日本写真測量学会 関西支部

第108回テクニカルセミナー/空間情報話題交換会の報告


2021年8月27日(金)、>第108回テクニカルセミナー/空間情報話題交換会の報告をオンラインにて開催しました。


『地理空間情報技術による森林の計測 〜リモートセンシングとGNSSを中心に〜』

三重大学 松岡真如氏

講演資料:
http://www.jsprs-w.org/meetings/data/w0108_matsuoka.pdf

 テクニカルセミナー/第108回空間情報話題交換会では、『地理空間情報技術による森林の計測 〜リモートセンシングとGNSSを中心に〜 』と題して、三重大学の松岡真如様にご講演いただきました。

 この講演では、1)点群を用いた衛星データの影の補正と2)GNSS測量における面積の精度指標の2つの話題提供がありました。

 1)では、衛星で観測する森林の反射率に含まれる影が画像解析の障害になっている課題と、その対策として松岡様が取り組まれてきた影の補正手法を説明いただきました。実際に研究で使用したドローン撮影写真と写真から生成した点群と示していただくとともに、この点群を用いて衛星画像シーン単位と画素単位で補正した検証結果を説明されました。シーン単位の補正では冬に過剰補正となった傾向と、画素単位の補正では汎用性の低くなった結果をそれぞれ示し、過剰補正の対策として、樹冠による散乱の影響をモデル化する必要があるとの考えを話されました。
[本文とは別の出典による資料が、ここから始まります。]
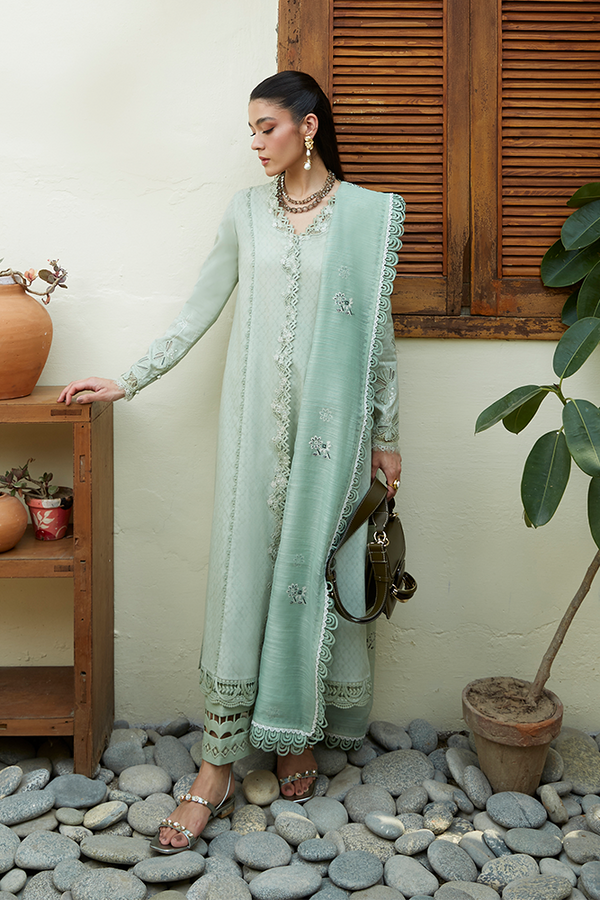 SUFFUSE | SUMMER '23 | AIMAL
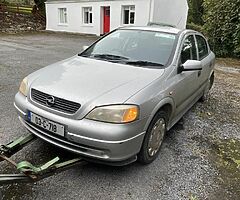 Cars vans 4x4s tractors lorry’s wanted 0857721068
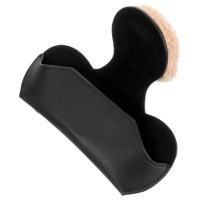 фото thumb №7, Sun козырёк magnetic attraction glasses case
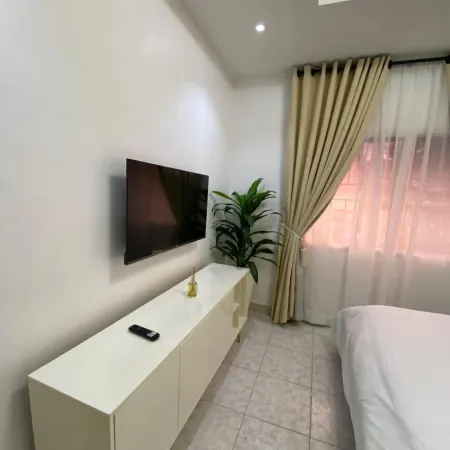 Tao Homes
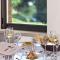 Relais Villa DAssio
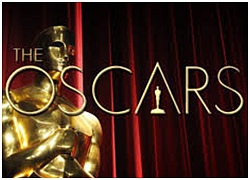 Lóe rồi chợt tắt, siêu bom tấn hết hy vọng giành Oscar 2019?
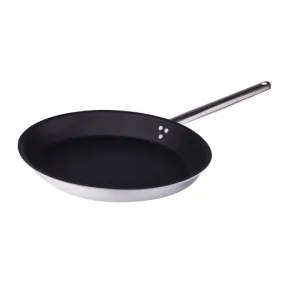 Agnelli USA ALSA121BS45 Fry Pan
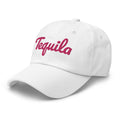 Tequila - Cart Girl HatCart Girl [open back]Tequila - Cart Girl Hat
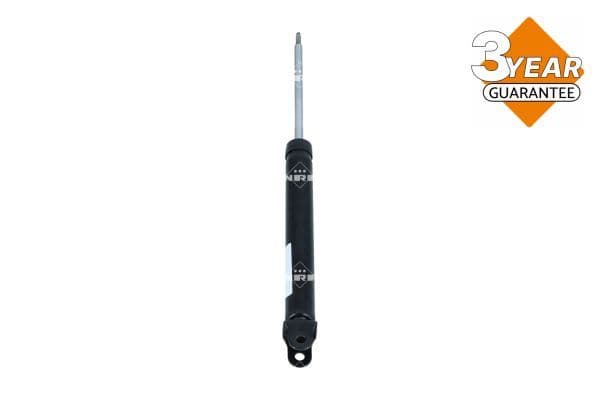 amortizor CNV 831007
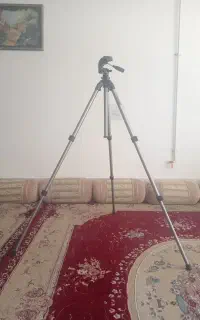 وسایل تصویربرداری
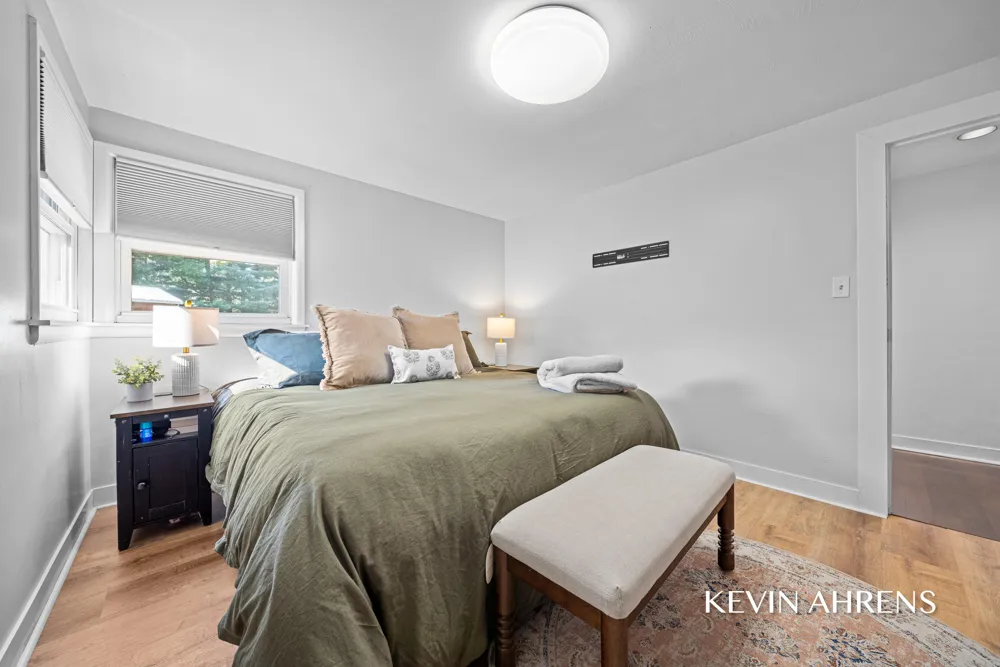 2414 Barry Street Hudsonville, MI 49426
 2)では、観測した1つ1つの観測点の位置誤差と面積誤差の関係を解析式として定義し、数値実験により面積の精度評価ができる指標を検証した結果を説明してくださいました。たくさんの数値実験により解析式と実測値を比較した結果から、GNSS測量で得られる位置座標と位置誤差から計算する近似値が、面積測量の精度指標に利用できる可能性が高いことと、今後は実測や数値実験を更に重ねて、実用可能性を高めていく必要があることを説明されました。

 最後にまとめとして、衛星データの影補正で得られる影の情報は、森林情報の高度化に寄与できる可能性があること、GNSSを用いた面積の精度指標は、地形起伏がある森林などで効率的な面積計測に寄与できるとの考えを話され、講演を締めくくられました。